Out of curiosity what are you? You do not need to answer that if you do not wish to share your faith. However, if what you are saying is true, then if you are a 'TRUE' christian, you are not supposed to shave your facial hair, get a tattoo etc. Does this mean everyone who shaves or gets a tattoo is not a TRUE christian?

Not attacking you, but just showing a comparison.


----------



## charley (Aug 8, 2012)

secdrl said:


> and these guys.




............I like the 'shoe's in the air'.............


----------



## secdrl (Aug 8, 2012)

Faymus said:


> Out of curiosity what are you? You do not need to answer that if you do not wish to share your faith. However, if what you are saying is true, then if you are a 'TRUE' christian, you are not supposed to shave your facial hair, get a tattoo etc. Does this mean everyone who shaves or gets a tattoo is not a TRUE christian?
> 
> Not attacking you, but just showing a comparison.




Show me in biblical scripture where it clarifies your positon. I can show you in the Koran where all it validates my points. I'm assuming you're a muzzy, right?


----------



## secdrl (Aug 8, 2012)

Curt James said:


> lol Appreciate the words of warning, but I'll take my chances against a 3rd grader, sec.




 I didn't know they were that young. Give 'em time, CJ.


----------



## secdrl (Aug 8, 2012)

charley said:


> ............I like the 'shoe's in the air'.............




lol, I laughed at that part, too. The shoes went all over the place.


----------



## heckler7 (Aug 8, 2012)

muslims are evil, fuck donkeys rape children and beat their woman. just sayin. I dont judge.


----------



## NVRBDR (Aug 8, 2012)

Faymus said:


> Out of curiosity what are you? You do not need to answer that if you do not wish to share your faith. However, if what you are saying is true, then if you are a 'TRUE' christian, you are not supposed to shave your facial hair, get a tattoo etc. Does this mean everyone who shaves or gets a tattoo is not a TRUE christian?
> 
> Not attacking you, but just showing a comparison.



I shake my head in amazement at people who clearly aren't christian, clearly never read the bible, yet feel well informed on the in's and out's of being a christian. 

for the record, christianity is a relationship with God, only possible by grace through faith in Christ Jesus the Lord.

it has less to do with "what can I do or what can't I do" and it has "everything to do with "What CHRIST Did For You"

 don't start another thread based on ignorance and or unfounded opinions of Christianity. most people draw conclusions of Christianity from their opinions of organized religion.
 true Chritianity has zero to do with organized religion.


----------



## heckler7 (Aug 8, 2012)

Jimmyusa said:


> I shake my head in amazement at people who clearly aren't christian, clearly never read the bible, yet feel well informed on the in's and out's of being a christian.
> 
> for the record, christianity is a relationship with God, only possible by grace through faith in Christ Jesus the Lord.
> 
> ...


so its not about going to ihop on sunday with your family?

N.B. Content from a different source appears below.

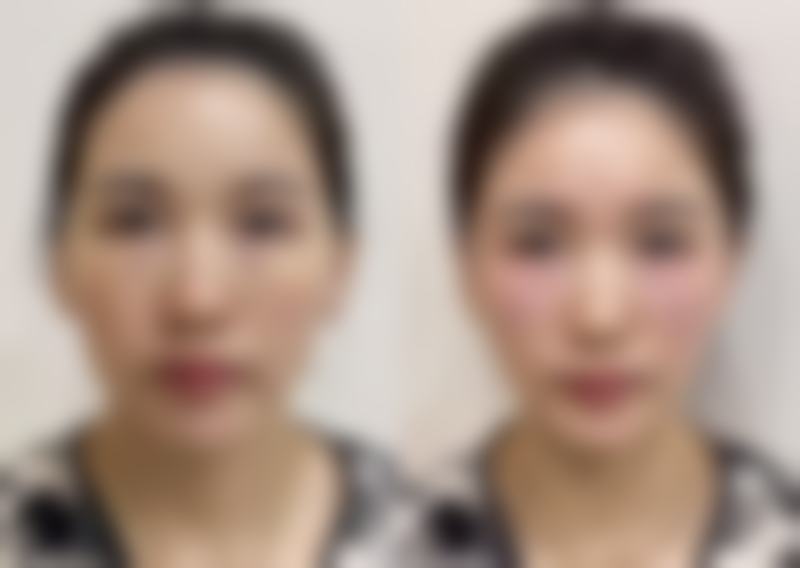 眼部按摩：促进血循环助修复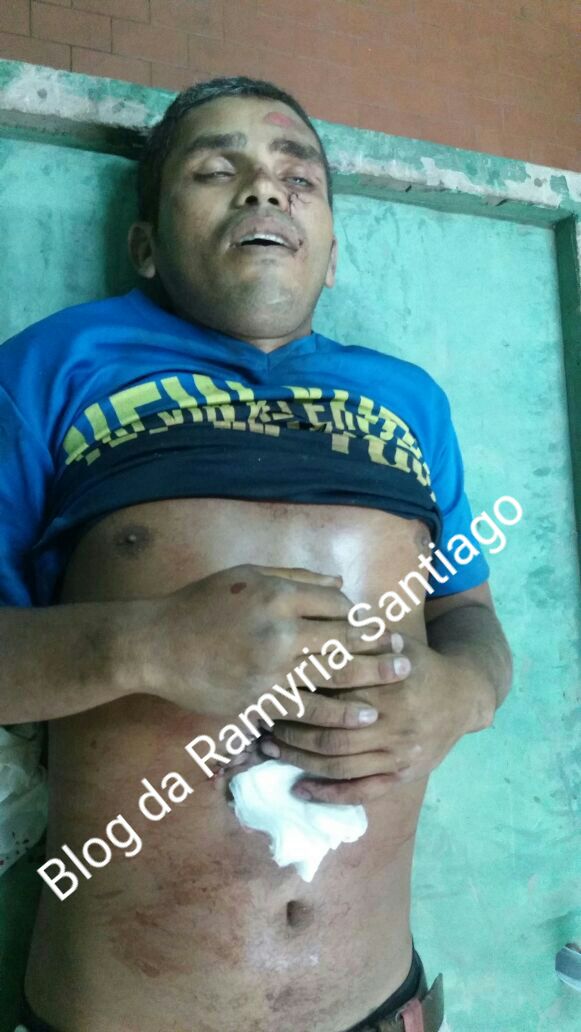 JOVEM DE 28 ANOS É ASSASSINADO NA NOITE DE ONTEM EM CODÓ 5 DE NOVEMBRO.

I have no idea what I'm doing


----------



## NVRBDR (Aug 8, 2012)

heckler7 said:


> so its not about going to ihop on sunday with your family? I have no idea what I'm doing




oh yeah! actually any restaurant you please, there's no prejudice


----------



## Vibrant (Aug 8, 2012)

Curt James said:


> lol Appreciate the words of warning, but I'll take my chances against a 3rd grader, sec.



Be careful curt, third graders are straight up loco. Do you keep sharp pencils in the classrooms? Don't piss em off or they'll take you out, pencils thru the eyes is a pretty painful way to go out.


----------



## secdrl (Aug 8, 2012)

Vibrant said:


> Be careful curt, third graders are straight up loco. Do you keep sharp pencils in the classrooms? Don't piss em off or they'll take you out, pencils thru the eyes is a pretty painful way to go out.



5-year-old brings loaded gun to Palatka pre-kindergarten class | jacksonville.com

Six-Year-Old Brings Loaded Pistol to Elementary School | NewsFeed | TIME.com

7-year-old brings knife to school in Michigan

Yeah, I wouldn't trust any 3rd grader.


----------



## theCaptn' (Aug 8, 2012)

heckler7 said:


> muslims are evil, fuck donkeys rape children and beat their woman. just sayin. I dont judge.



Rednecks = Muslims!


----------



## maniclion (Aug 8, 2012)

Jimmyusa said:


> I shake my head in amazement at people who clearly aren't christian, clearly never read the bible, yet feel well informed on the in's and out's of being a christian.
> 
> for the record, christianity is a relationship with God, only possible by grace through faith in Christ Jesus the Lord.
> 
> ...



There are muslims who feel the same, a certain Moroccan friend of mine comes to mind.  Also a few Egyptians and Malaysians I know...


----------



## theCaptn' (Aug 8, 2012)

maniclion said:


> There are muslims who feel the same, a certain Moroccan friend of mine comes to mind.  Also a few Egyptians and Malaysians I know...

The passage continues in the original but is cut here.